Go is typically played on a 19-by-19-square board and sees players attempt to capture empty areas and surround an opponent’s pieces. To teach the system how to play the game, moves from 30 million Go games played by human experts were fed into AlphaGo’s neural networks. The system then used reinforcement learning to work out the type of moves that were most likely to succeed, based on these past matches. This approach allows AlphaGo to restrict the number of possible moves it needs to search through during a game – making the process more manageable.

DeepMind CEO Demis Hassibis described Go as “probably the most complex game that humans play.
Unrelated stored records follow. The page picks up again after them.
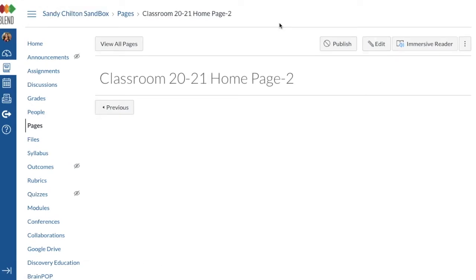Now that your home page is set up, before you actually edit it you're going to add your files so you can upload them and create your pages. You might have made your files, buttons, and banners in Canva, PowerPoint, or Google Slides. Whatever method you use, once you have a JPEG or PNG file — some kind of image saved — you're going to add it directly into Canvas or Blend.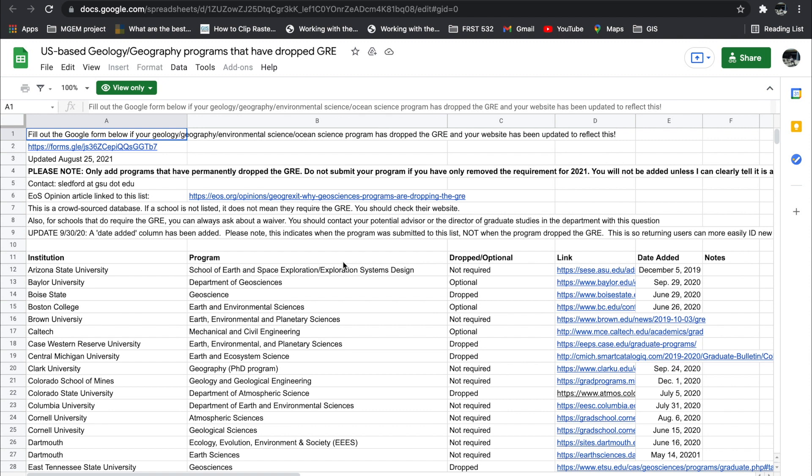In today's video, I'll be highlighting about 2,000 programs in the USA that have dropped the GRE altogether. I'll be attaching the links to this particular document to the video description so you can grab it there and select them.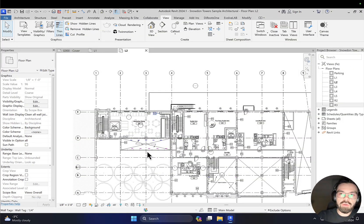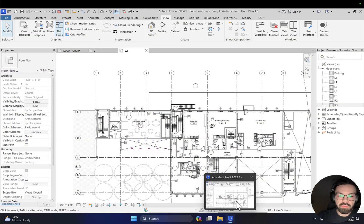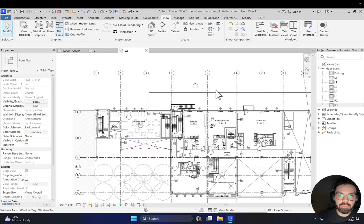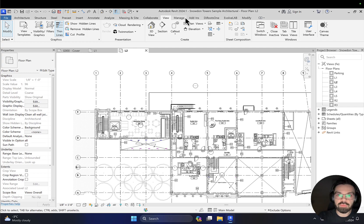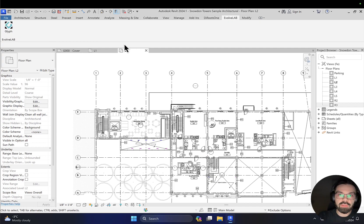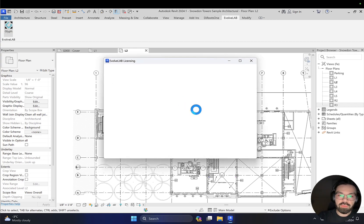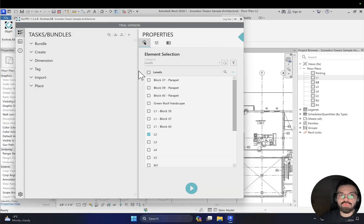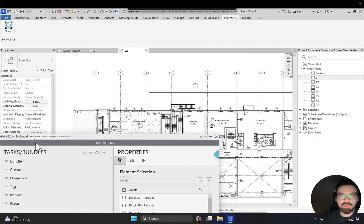Let's have a look at how Glyph works in Revit. Here is the Revit file I have open in Revit 2024, and here you will find the Glyph tab. Let me open it — it will take a moment. Here is our Glyph panel.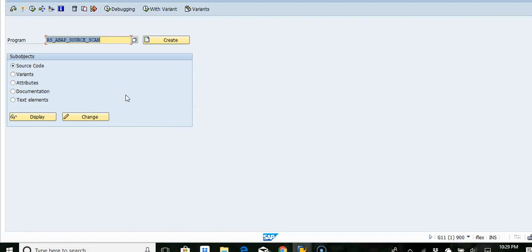In this video we are going to look at an important program provided by SAP which can search the ABAP code within your system. The program name is RS_ABAP_source_scan.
There’s more configurations of the board then there are atoms in the universe.”

It was that complexity that meant the game had been so difficult for machines to master said DeepMind’s David Silver. “In the game of Go we need this amazingly complex intuitive machinery, which people previously thought was only available in the human brain, to even have the right idea of who’s ahead and what the right move is.”

Google has suggested that the approach used by AlphaGo to learn how to master Go could be extended to solving more weighty problems, such as climate change modelling, as well as to improving Google’s interactions with users of its services.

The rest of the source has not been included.